Lorentz transform of Levi-Civita Symbol I was reading about Lorentz transformations and frequently I hear the notion of Lorentz transforming quantities like $\epsilon^{\mu \nu \rho \sigma}$. But I have never heard an explanation as to why that is even something that should be done.
My problem with this notion is that even $\epsilon^{\mu \nu \rho \sigma}$ has indices that suggest the transformation behaviour is not an observable at all. Rather just defined as being either 1,-1 or 0 in certain cases.
The transformation behaviour of 4 vectors like $x^{\mu}$ or $A^{\mu}$ is a physical necessity because it corresponds to how those quantities will look like if you measure them in either frame.

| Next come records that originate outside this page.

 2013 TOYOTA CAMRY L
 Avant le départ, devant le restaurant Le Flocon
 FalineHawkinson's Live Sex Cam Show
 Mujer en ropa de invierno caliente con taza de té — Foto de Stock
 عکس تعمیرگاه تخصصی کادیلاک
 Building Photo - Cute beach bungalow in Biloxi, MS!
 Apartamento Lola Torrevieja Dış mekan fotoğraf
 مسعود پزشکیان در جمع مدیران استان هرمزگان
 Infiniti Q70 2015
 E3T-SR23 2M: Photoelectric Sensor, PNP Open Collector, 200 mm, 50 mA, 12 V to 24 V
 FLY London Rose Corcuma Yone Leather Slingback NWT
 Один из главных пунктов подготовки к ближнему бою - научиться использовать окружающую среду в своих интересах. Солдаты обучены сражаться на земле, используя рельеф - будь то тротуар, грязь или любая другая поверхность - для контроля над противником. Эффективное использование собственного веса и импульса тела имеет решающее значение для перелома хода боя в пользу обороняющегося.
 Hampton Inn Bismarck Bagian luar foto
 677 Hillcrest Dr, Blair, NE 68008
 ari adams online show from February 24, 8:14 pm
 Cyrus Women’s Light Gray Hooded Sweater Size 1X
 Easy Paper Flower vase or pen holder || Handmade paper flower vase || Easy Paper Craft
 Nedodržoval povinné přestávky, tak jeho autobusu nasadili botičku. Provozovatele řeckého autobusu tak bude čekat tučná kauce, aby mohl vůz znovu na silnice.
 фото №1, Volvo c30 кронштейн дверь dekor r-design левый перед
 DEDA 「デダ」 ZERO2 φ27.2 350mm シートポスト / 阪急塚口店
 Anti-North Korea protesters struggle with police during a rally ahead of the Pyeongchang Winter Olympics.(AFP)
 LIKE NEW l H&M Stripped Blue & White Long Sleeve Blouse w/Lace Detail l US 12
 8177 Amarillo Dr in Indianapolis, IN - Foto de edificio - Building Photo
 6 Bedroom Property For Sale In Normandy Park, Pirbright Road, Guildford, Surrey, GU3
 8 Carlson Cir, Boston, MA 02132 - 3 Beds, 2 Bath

But the Levi Civita tensor is not something that is measured, it's just a mathematical object. And it doesn't make sense to me that a purely abstract non physical object should at all be subject to change under Lorentz transformation which are a set of rule for transforming physical observations from one frame to another.
Just the explanation of: "Look it has indices!" doesn't cut it for me.
Of course the Levi Civita Symbol is invariant anyway for certain Lorentz transformations and differs at most by a sign but that's beside the point.
Any thoughts on this?
 A: What's "actually going on" is that if you have some tensor object $A_{\alpha \beta \gamma \delta}$, it transforms in the tensor representation
$$\left(\frac{1}{2}, \frac{1}{2}\right) \otimes \left(\frac{1}{2}, \frac{1}{2}\right) \otimes \left(\frac{1}{2}, \frac{1}{2}\right) \otimes \left(\frac{1}{2}, \frac{1}{2}\right) = 4(0,0) + 6(1,0) + 6(0,1) + 9(1,1) + 2(0,2) + 2(2,0) + 3(1,2) + 3(2,1) + (2,2)$$
of the Lorentz group, which is $SU(2)_L \otimes SU(2)_R$. But, $\frac{1}{2} \otimes \frac{1}{2} = 1 \oplus 0$, so there is a singlet of the Lorentz group hiding in this tensor representation. You see that we have four singlets, three of these dimensions are spanned by contractions like:
$${A^{\alpha \beta}}_{\alpha \beta}, {{{A^{\alpha}}_\alpha}^\beta}_\beta, {{A^\alpha}_{\alpha \beta}}^\beta$$
The $\epsilon^{\alpha \beta \gamma \delta}$ is what pulls out the last singlet, so that you end up with a scalar. To me, its a bit of abuse of notation, I'm not sure its meaningful to think of the indices on the epsilon tensor as "actually being" lorentz indices.
A: if it's a tensor, it transforms like a tensor, which means, the lorentz transformation matrices can act on it.  If nothing else, the levi-civita symbol appears in things like the definition of the determinant of the metric, and the algebra of forms, both of  which are pretty fundamental objects in doing any sort of tensor analysis in spacetime.  Like, there's a Levi-Civita tensor in the definition of the Maxwell tensor, certainly we need to know how the Maxwell tensor transforms.
And yes, the discussion is moot anyway, because the Levi-Civita Tensor just transforms into itself when you apply the Lorentz matrices.